First of all, Matt Cain. He’s really, really good. Last week, I happened to repeat my prediction that he will be the greatest pitcher ever to drop off the Hall of Fame Ballot after the first year. It’s kind of a joke. Sort of. Two years ago, it was easy to imagine an outstanding career, borderline Hall-worthy, ending in a won-lost record close to 145-160, no awards, very few Cy Young votes, and only two or three actual votes on the ballot. That’s less likely now, I would guess, with a perfect game to go along with his perfect 2010 post-season on the way to a World Series victory. I hope people do come to realize how good he is, although of course I will resent those latecomers as well. But seriously, guys. Matt Cain.

The other thing, though, is that as good as Matt Cain is, this was a fluke. The video clearly shows (a) a near homer, knocked down by the wind, (2) a called strike three that was about six inches high, and (iii) a ridonkulous catch by Gregor Blanco (the White Shark) in straightaway center field, which is particularly astonishing when you remember he was playing right field at the time. There was also a ball hit down the line that was called foul, that from what I have heard was actually foul but was close enough that it could have been called fair, and would have been a double. The twenty-seventh out was a bad-hop grounder that could have been beaten out. If any of those things is different, it’s not a perfect game.

Of course, that’s true of any perfect game. The difference between a perfect game and a not-perfect game is often something that’s outside of the pitcher’s control. A gust of wind, a fielder’s misplay, an umpire’s call. If, for instance, out third-baseman had bobbled the ball a little longer and the batter was safe at first, and then Matt Cain had struck out the twenty-eighth batter he faced, it would have been an even better pitching effort. But it wouldn’t have been a perfect game. A perfect game is a fluke.

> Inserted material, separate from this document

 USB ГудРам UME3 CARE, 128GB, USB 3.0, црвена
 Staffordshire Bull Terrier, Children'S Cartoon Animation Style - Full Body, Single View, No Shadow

What isn’t a fluke is that Matt Cain is very, very good—good enough that he put himself in a position where if a handful of flukes fell his way, it would be a perfect game. While any pitcher could, in theory, be the recipient of enough flukes and oddball things to wind up with a perfect game, in fact the pitcher has to be throwing very, very well. There was only one ball that needed to be knocked down by the wind, only one that needed to be an inch foul. Only one crazy superman catch in the outfield. You don’t have to be a great pitcher to throw a perfect game. But if you are a great pitcher, it’s a little less impossible.

As El Lefty Malo said: Tonight wasn’t the proof, it was the reward.